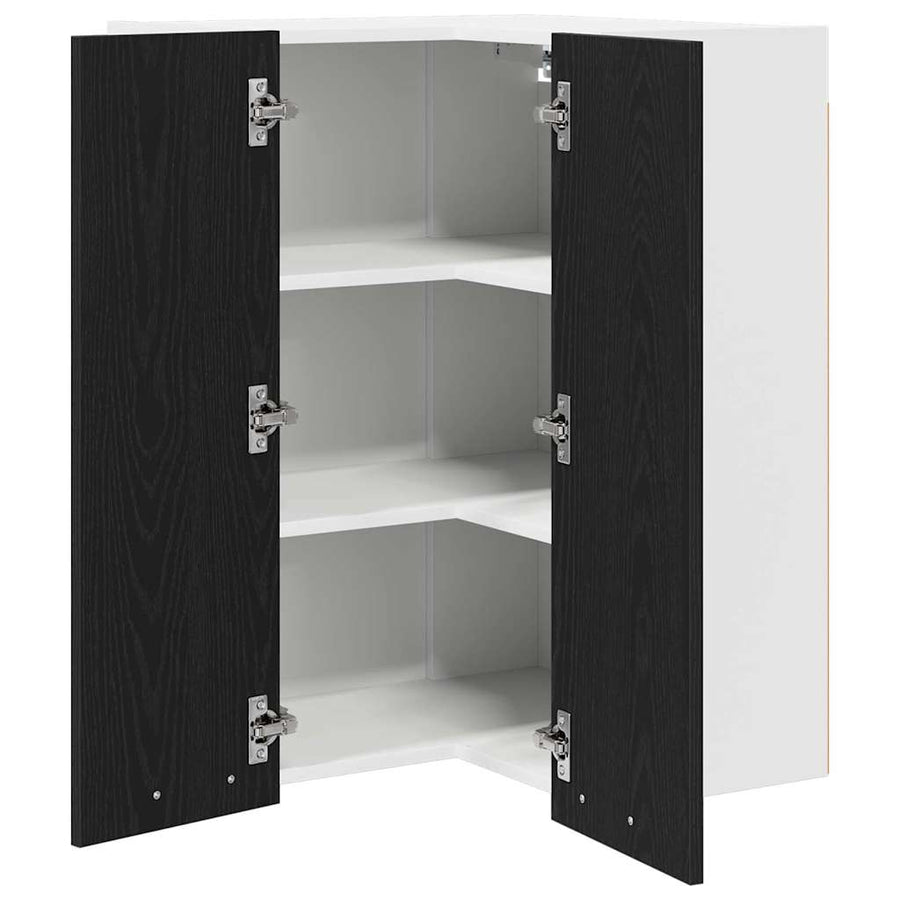 Hanging Cabinet Black Oak and White 57 x 57 x 80 cm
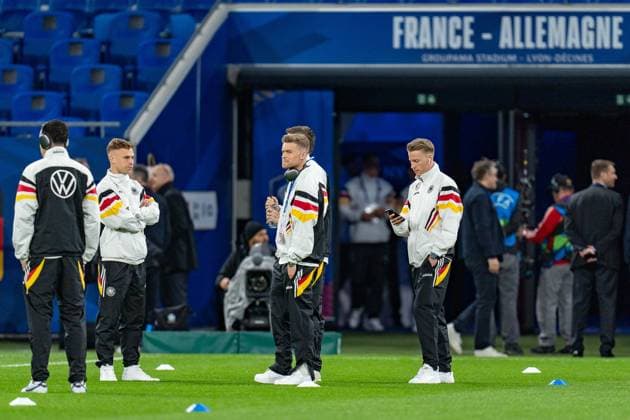 Jamal Musiala Germany, 10 Joshua Kimmich Germany, 6 Robert Andrich Germany, 23 Chris Fuehrich Germany, 11 Maximilian Mittelstädt Germany, 18 France vs Germany, Men, Football, Test match, 22 03 2024 France vs Germany, Men, Football, Test match, 22 03 2024 Lyonn Copyright: xEibner-Pressefoto BahhoxKarax EP_FRA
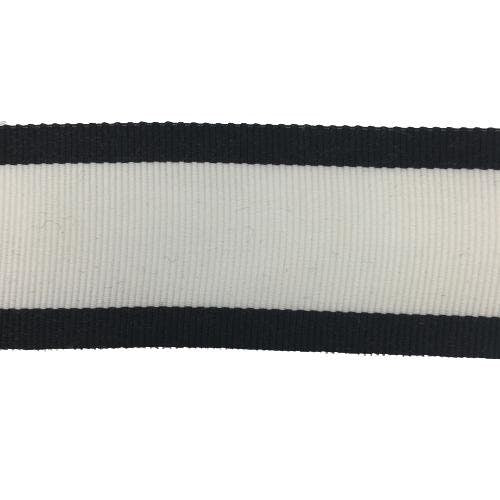 1,58 inch (40mm) Black Stripes and White Millinery Grosgrain Ribbon - 1yard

^^^^

Only the lines from the one containing "Jamal Musiala Germany, 10" through the last line of the material are to be restated word for word; no picture is to be included.

> Result of the task
 Jamal Musiala Germany, 10 Joshua Kimmich Germany, 6 Robert Andrich Germany, 23 Chris Fuehrich Germany, 11 Maximilian Mittelstädt Germany, 18 France vs Germany, Men, Football, Test match, 22 03 2024 France vs Germany, Men, Football, Test match, 22 03 2024 Lyonn Copyright: xEibner-Pressefoto BahhoxKarax EP_FRA
 1,58 inch (40mm) Black Stripes and White Millinery Grosgrain Ribbon - 1yard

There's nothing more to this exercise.